Causes and differential diagnosis:

Causes of macrocephaly are categorized according to different classifications.

According to the pathological process underlying the cause (infection, genetic, familial…..etc) or

According to the anatomical structure that led to macrocephaly.

In general, the causes of macrocephaly are:

  1. Familial e.g.: Benign familial macrocephaly: The most common cause of macrocephaly. It runs in families and doesn’t lead to neurological deficit.
  2. Hydrocephalus: Because of excess volume of the cerebrospinal fluid, increased secretion of the fluid or obstructed drainage. The fluid will accumulate in the brain ventricles leading to enlargement of the head size with subsequent atrophy of the brain substance. Patient may have neurological troubles with the macrocephay, e.g.: epilepsy, cerebral palsy, and paresis or muscle paralysis.
  3. Infections: Central infections e.g.: meningitis and encephalitis.
  4. Genetic: Autism.
  5. Metabolic: Storage diseases.
  6. Bleeding: Intracranial haemorrhage, especially: subdural hematoma and intraventricular bleeding.
  7. Tumors: Like various brain tumours, vascular maleformations and arachnoid cyst.
  8. Chronic haematomas.
  9. Enlarged skull bones: e.g.: thalassemia, why? because of the associated expanded bone marrow.

Clinical picture:

  • The first detection of the macrocephaly usually occurs during the last trimester of pregnancy or during early childhood, before closure of the cranial fontanels and sutures, when the skull bones are flexible for increasing size.
  • The head circumference is larger than expected for age and sex by more than 2 standard deviations.
  • Asymmetry of the cranium (both sides of the head are not identical).
  • It is common to have developmental delay.
  • Motor dysfunction e.g.: hemiparesis, hemiparalysis.
  • There is slower growth of the body in relation to the head.
  • Autism or epilepsy may accompany it.
  • Symptoms and signs of increased intracranial pressure: vomiting, Headache and papilledema (raised optic disc seen during fundus examination of the eye).
  • Usually, the anterior fontanel is raised and wide.
  • Delayed closure of the posterior fontanel.
  • Skeletal deformities.

Diagnosis of macrocephaly:

Physicians diagnose it clinically by measuring the head circumference, but the physician and the patient or relatives need to know what the exact cause of the condition is, and what are the associated structural abnormalities?
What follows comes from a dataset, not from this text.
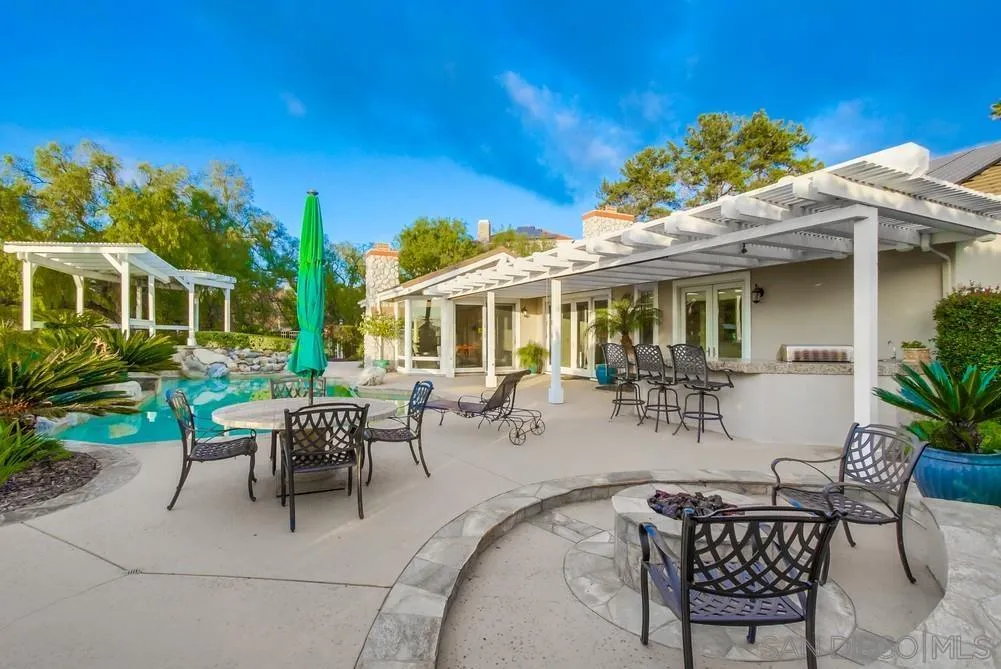 16157 Country Day Road Poway, CA 92064 - Photo 56 of 70 a view of a patio with table and chairs potted plants and a large tree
To determine the best method to treat the patient’s condition.

Shunt to treat hydrocephalus

Imaging of macrocephaly:

  1. Plain X-Ray of the skull.
  2. Ultrasound on the anterior fontanel of baby.
  3. Computed tomography (CT) brain: It is the best imaging study for diagnosing macrocephaly.
  4. Magnetic resonance imaging (MRI) brain.


It depends on the accurate identification of the cause of macrocephaly, as the treatment should target the specific abnormality to treat it and to prevent its complications.

  1. Benign familial macrocephaly: No need to treat it.
  2. Hydrocephalus: It needs surgical treatment in the form of ventriculostomy or ventriculoperitoneal shunt. The aim of those surgeries is to drain the excess cerebrospinal fluid to the peritoneal cavity.
  3. Medical treatment of macrocephaly: e.g.: Antibiotics, anticonvulsants for epilepsy.
  4. Physiotherapy: To determine the accompanying motor troubles and stiffness.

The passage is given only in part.